■ **Requirement**:
Everything below from the line with "Thumbnail von Boston Whaler 330R" through the line with "Snapshot of Lauren_Saint" should be copied exactly, and nothing else; leave out the pictures.

■ **Material to process**:
※ ※ ※

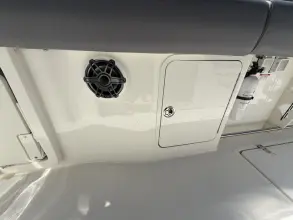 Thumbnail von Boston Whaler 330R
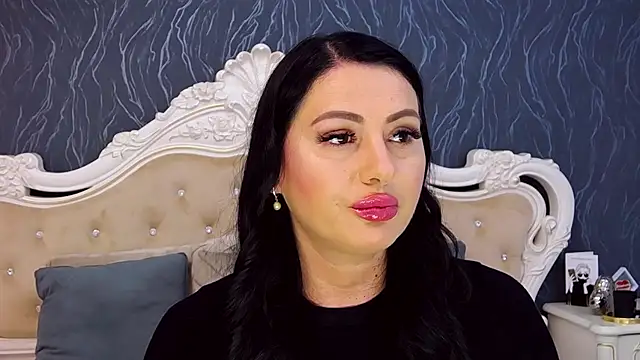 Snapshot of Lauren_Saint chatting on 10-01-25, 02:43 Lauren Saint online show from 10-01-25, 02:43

※ ※ ※

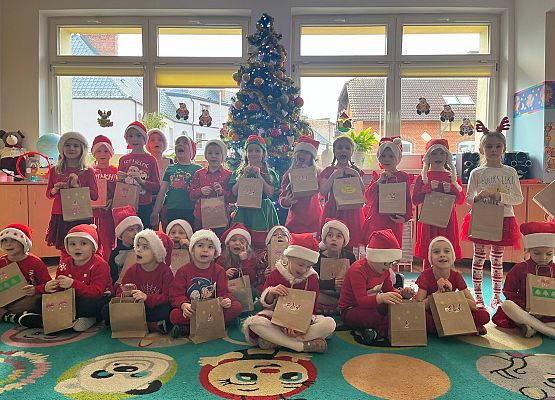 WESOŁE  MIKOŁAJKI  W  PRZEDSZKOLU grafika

※ ※ ※

■ **Task answer**:
 Thumbnail von Boston Whaler 330R
 Snapshot of Lauren_Saint chatting on 10-01-25, 02:43 Lauren Saint online show from 10-01-25, 02:43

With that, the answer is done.